**TASK OBJECTIVE**
All that should come back is the lines of the data below from the one containing "女子大生と妖精のサンダルとローファーがイモムシを踏み潰す！" to the one containing "Un moment del contrapàs obert a les autoritats i ciutadans. Un", inclusive, exactly as they stand.

── DATA SECTION

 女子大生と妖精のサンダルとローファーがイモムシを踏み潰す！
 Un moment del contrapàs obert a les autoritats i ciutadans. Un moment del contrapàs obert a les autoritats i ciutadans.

────
── DATA SECTION

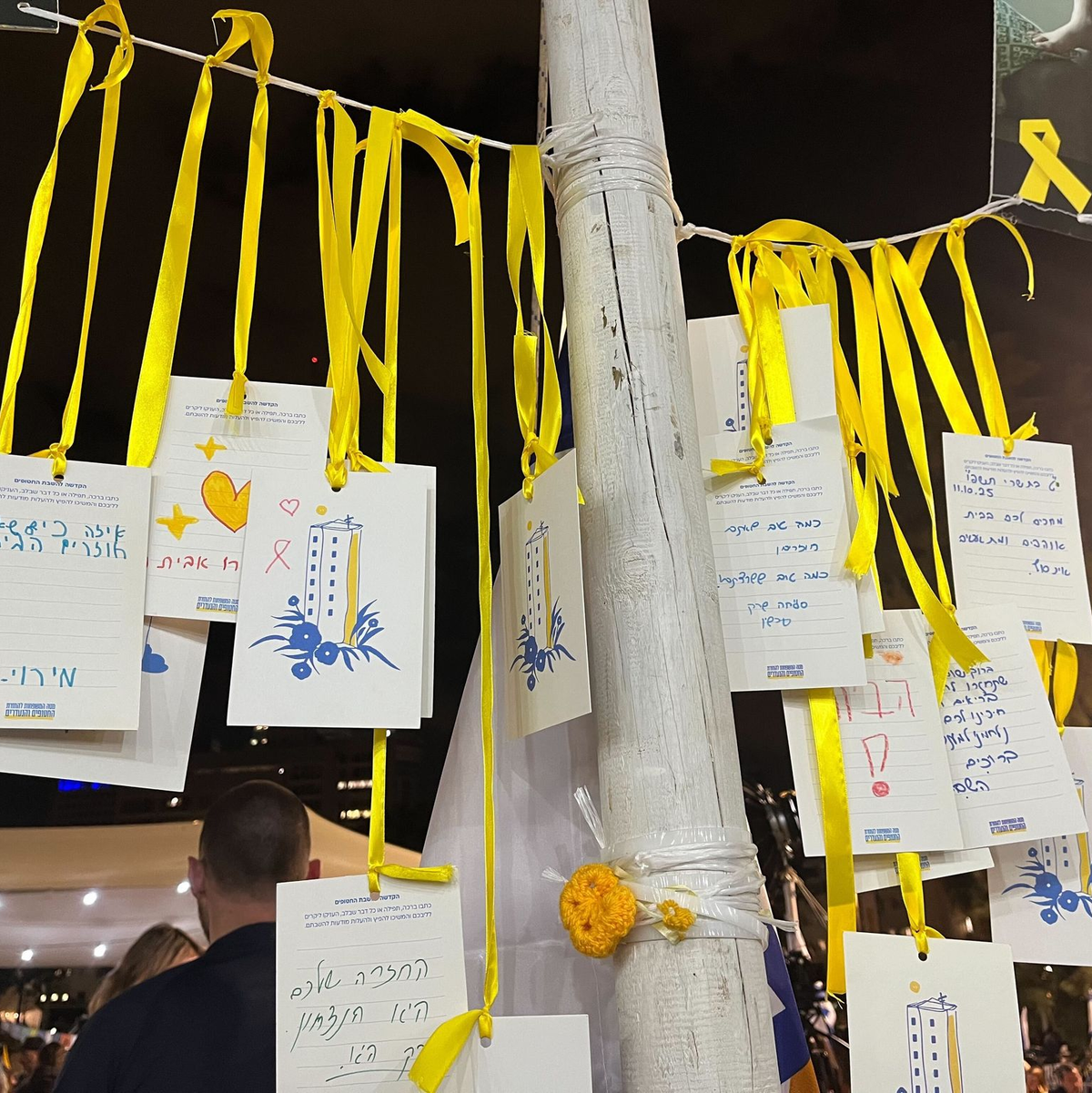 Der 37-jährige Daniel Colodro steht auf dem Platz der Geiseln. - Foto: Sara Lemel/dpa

────

**SOLUTION BELOW**
 女子大生と妖精のサンダルとローファーがイモムシを踏み潰す！
 Un moment del contrapàs obert a les autoritats i ciutadans. Un moment del contrapàs obert a les autoritats i ciutadans.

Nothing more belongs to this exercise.